Ma se nell'Alto Garda (con la discarica della Maza e il depuratore del Linfano) il livello di attenzione si è alzato, non da meno è Rovereto dove una concentrazione di Pfas è stata individuata in zona industriale ed in particolare nell'area ex Gallox. Che, per altro, attende da anni la bonifica. E se la concentrazione di Pfas non è tale da costituire, secondo le tabelle ministeriali e le rassicurazioni degli amministratori pubblici, un pericolo immediato per la popolazione, la questione non va sottovalutata tanto che nella " proroga dell'efficacia della valutazione positiva di impatto ambientale del Navicello" la giunta Fugatti ha indicato specifiche direttive in merito al monitoraggio di questi inquinanti.

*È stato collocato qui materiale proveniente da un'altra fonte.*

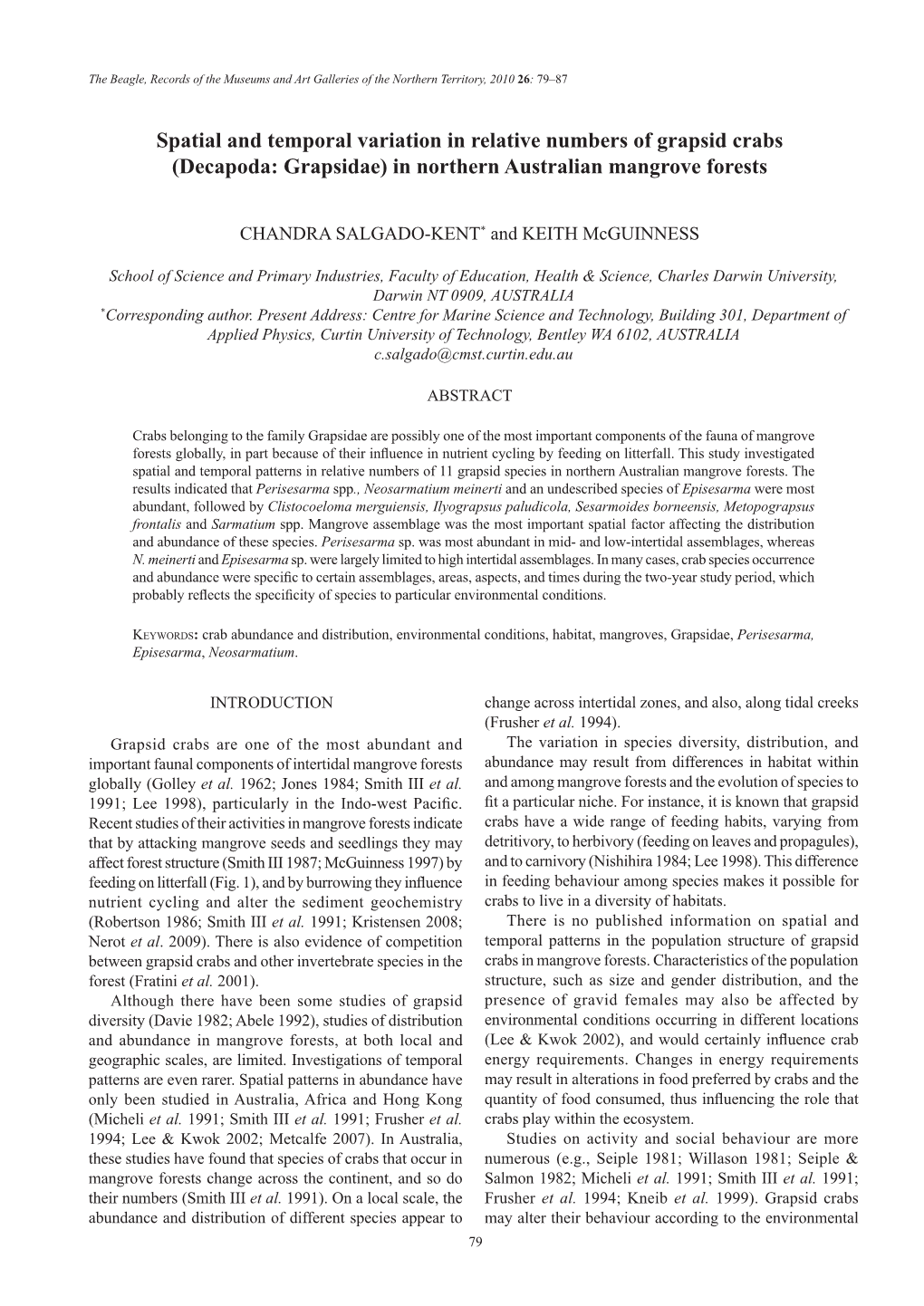 Spatial and Temporal Variation in Relative Numbers of Grapsid Crabs (Decapoda: Grapsidae) in Northern Australian Mangrove Forests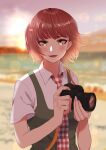  absurdres asuka_anemone backlighting bangs blunt_bangs blurry bokeh brown_eyes camera commentary dangan_ronpa:_trigger_happy_havoc dangan_ronpa_(series) depth_of_field dress dress_shirt field green_dress highres holding holding_camera koizumi_mahiru looking_at_viewer necktie open_mouth outdoors pinafore_dress plaid_neckwear raised_eyebrows red_neckwear redhead school_uniform shirt short_hair short_sleeves single-lens_reflex_camera smile strap sunset tearing_up upper_body white_neckwear white_shirt 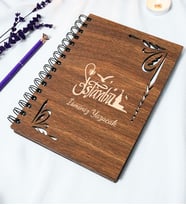 Kişiye Özel İstanbulDesenli Ahşap Kapaklı Defter - Ajanda - İsme Özel - A5 60 Yaprak (120 SAYFA) Hediyelik (Gümüş)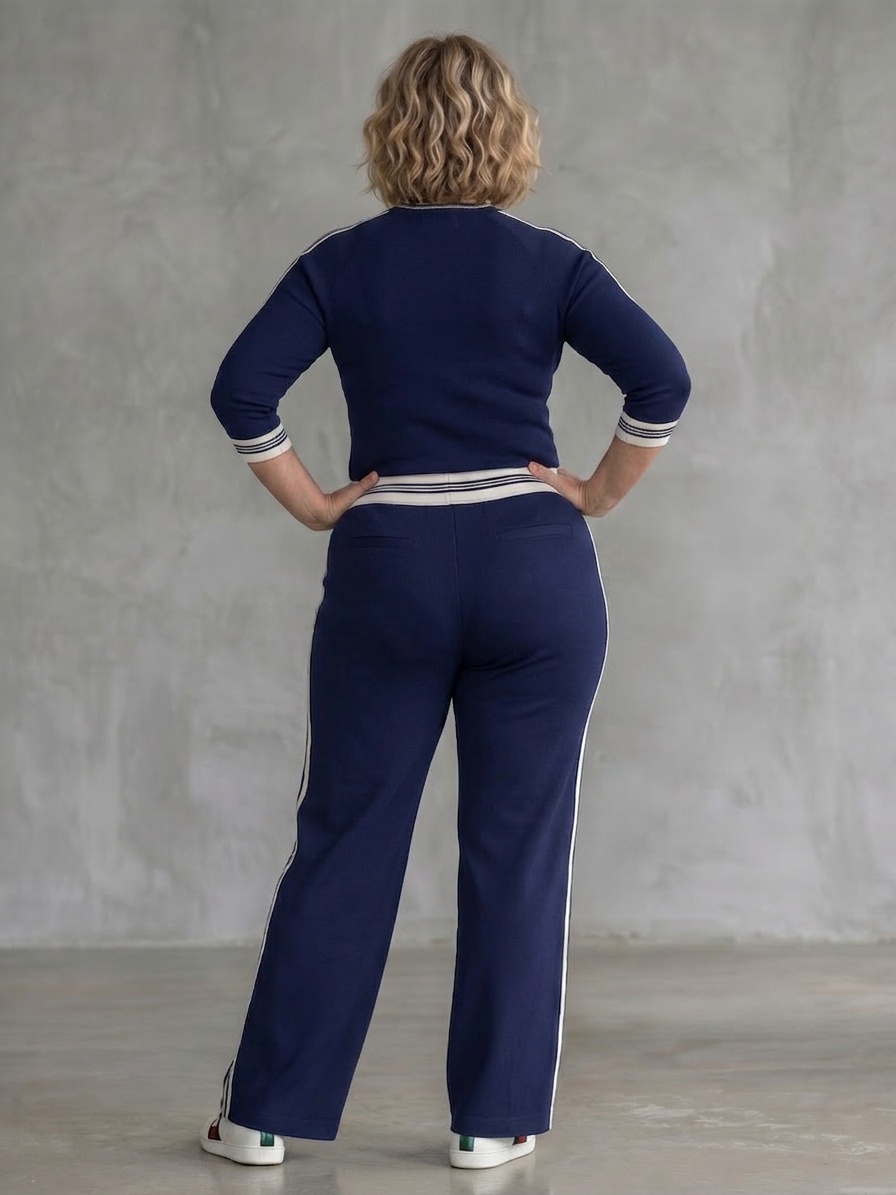 Eirlys | Conjunto Top Ajustado Manga Larga y Pantalón Ancho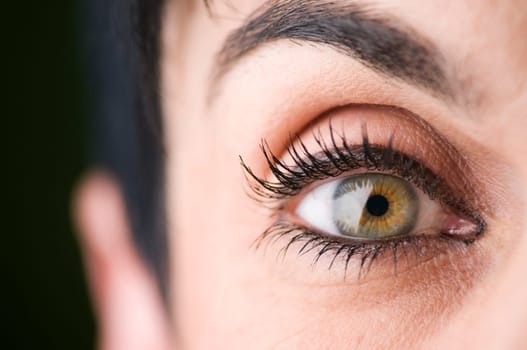 frontal view of the right eye of a middle-aged black-haired woman,right ear in fuzzy hIntergrund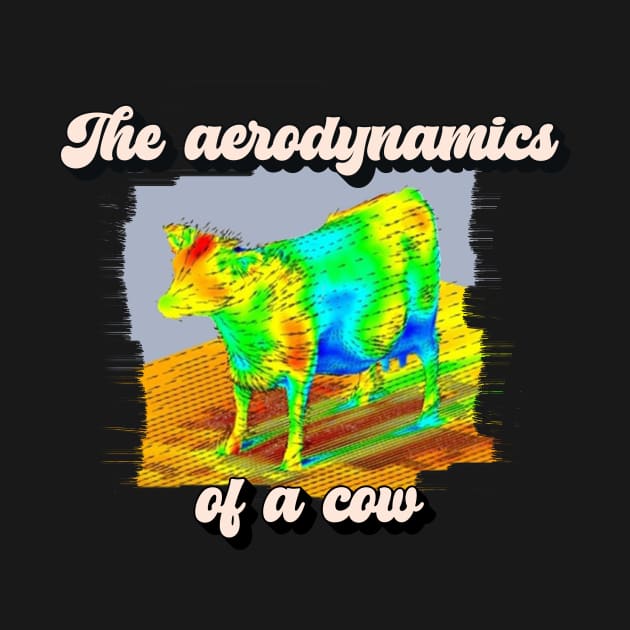 The Aerodynamics of a Cow - Random Funny Abstract Meme with Retro Font Design by TheMemeCrafts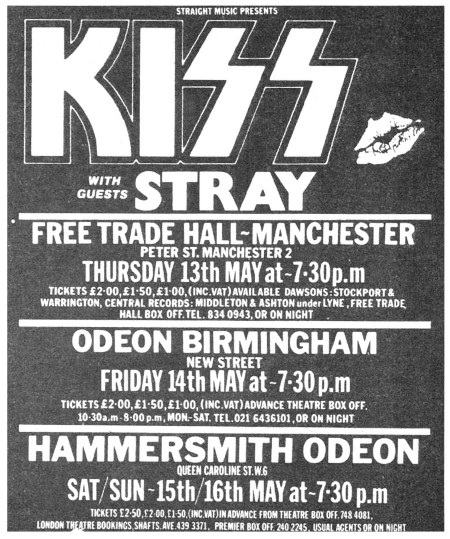 #KISSTORY - May 13th, 1976 - We played our first ever UK show in Manchester, England. The show before a sellout crowd of over 2500 was the beginning of our first UK/European tour.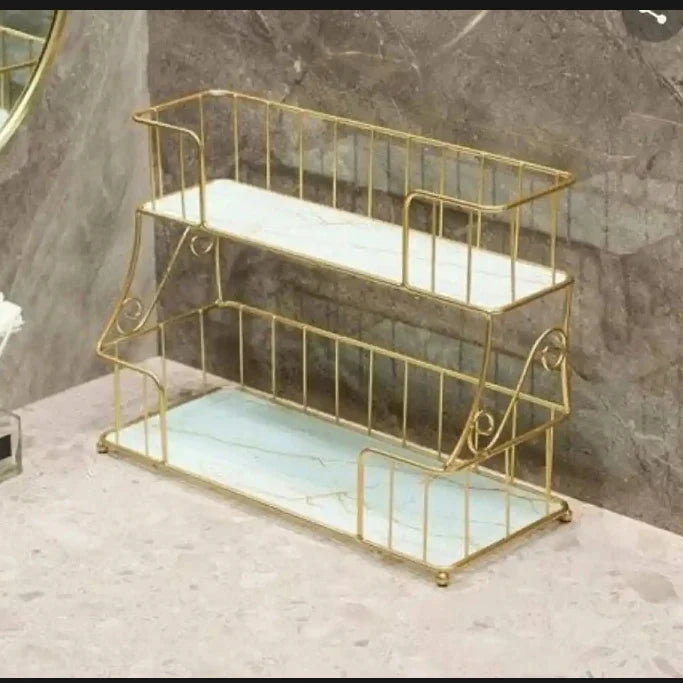 Modern Bathroom Vanity Tray Metal Cosmetic Shelf Organizer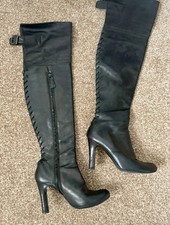 Alexander McQueen Black Leather Knee High Boots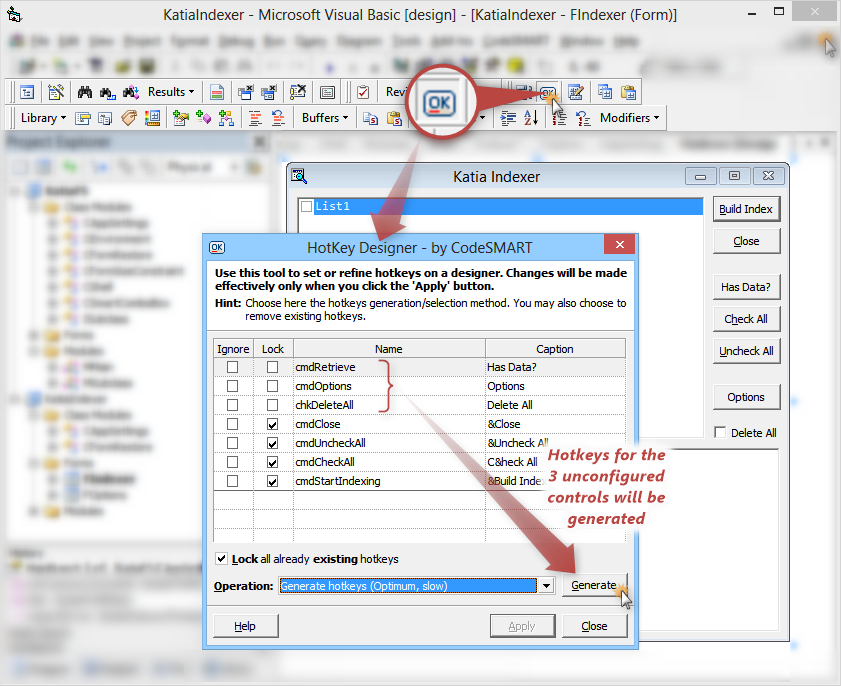 CodeSMART for VB6 - Hotkey Designer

L'impianto di trattamento dei fanghi proposto dalla società Ladurner messo in funzione nel 2021 «si è bloccato dopo pochi mesi a causa di un guasto e non è stato più rimesso in funzione nel corsoi di questi anni in quanto già nel breve periodo di funzionamento era emersa la necessità di effettuare diverse modifiche». A luglio dello scorso anno la Ladurner ha presentato richiesta di proroga per completare le opere motivandola con una serie di elementi. Proroga concessa dalla Provincia integrandola con la necessità di prevedere il monitoraggio proprio con la necessità di stabilire costanti analisi sulla concentrazione di Pfas.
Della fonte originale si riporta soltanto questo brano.